Task goal → Please restate exactly the lines of the data below, beginning with the line containing "Nikmat dan Ekonomis, Resep" and ending with the last line.

Data extracts →
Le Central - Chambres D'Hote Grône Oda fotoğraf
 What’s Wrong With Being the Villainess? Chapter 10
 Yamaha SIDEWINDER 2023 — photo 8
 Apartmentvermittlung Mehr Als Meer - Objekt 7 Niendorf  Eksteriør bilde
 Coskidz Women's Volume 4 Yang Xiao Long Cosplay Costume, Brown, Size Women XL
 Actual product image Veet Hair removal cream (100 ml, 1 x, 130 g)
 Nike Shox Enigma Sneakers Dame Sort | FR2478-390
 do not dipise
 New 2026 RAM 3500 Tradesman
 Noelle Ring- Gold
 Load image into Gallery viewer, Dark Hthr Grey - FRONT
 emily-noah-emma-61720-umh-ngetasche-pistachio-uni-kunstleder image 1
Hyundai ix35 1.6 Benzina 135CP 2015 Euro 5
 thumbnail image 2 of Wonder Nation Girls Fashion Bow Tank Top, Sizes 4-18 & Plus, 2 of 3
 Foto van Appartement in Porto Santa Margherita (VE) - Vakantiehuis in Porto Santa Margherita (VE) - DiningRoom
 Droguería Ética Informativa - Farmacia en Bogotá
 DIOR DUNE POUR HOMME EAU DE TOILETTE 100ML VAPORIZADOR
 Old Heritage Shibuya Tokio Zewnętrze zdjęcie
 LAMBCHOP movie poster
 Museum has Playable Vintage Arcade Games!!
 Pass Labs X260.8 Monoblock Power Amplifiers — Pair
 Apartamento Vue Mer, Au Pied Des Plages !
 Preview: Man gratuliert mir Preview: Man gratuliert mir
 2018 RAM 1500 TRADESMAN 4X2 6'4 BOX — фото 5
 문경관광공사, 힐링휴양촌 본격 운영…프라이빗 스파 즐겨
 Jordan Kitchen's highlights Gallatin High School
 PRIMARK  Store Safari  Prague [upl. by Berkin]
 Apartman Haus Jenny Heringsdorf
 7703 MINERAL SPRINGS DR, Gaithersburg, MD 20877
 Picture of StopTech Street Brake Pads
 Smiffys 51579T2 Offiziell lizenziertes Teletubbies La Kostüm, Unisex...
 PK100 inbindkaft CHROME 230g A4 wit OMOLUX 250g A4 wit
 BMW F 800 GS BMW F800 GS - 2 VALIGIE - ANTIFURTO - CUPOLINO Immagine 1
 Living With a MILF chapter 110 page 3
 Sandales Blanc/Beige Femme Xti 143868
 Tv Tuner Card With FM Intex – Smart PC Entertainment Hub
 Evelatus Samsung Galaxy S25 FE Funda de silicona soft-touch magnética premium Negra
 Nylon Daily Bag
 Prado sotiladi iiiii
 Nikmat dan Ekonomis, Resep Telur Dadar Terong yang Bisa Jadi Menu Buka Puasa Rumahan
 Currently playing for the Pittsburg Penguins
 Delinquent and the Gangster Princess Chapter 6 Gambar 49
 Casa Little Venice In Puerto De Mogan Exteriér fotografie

Your solution →
 Nikmat dan Ekonomis, Resep Telur Dadar Terong yang Bisa Jadi Menu Buka Puasa Rumahan
 Currently playing for the Pittsburg Penguins
 Delinquent and the Gangster Princess Chapter 6 Gambar 49
 Casa Little Venice In Puerto De Mogan Exteriér fotografie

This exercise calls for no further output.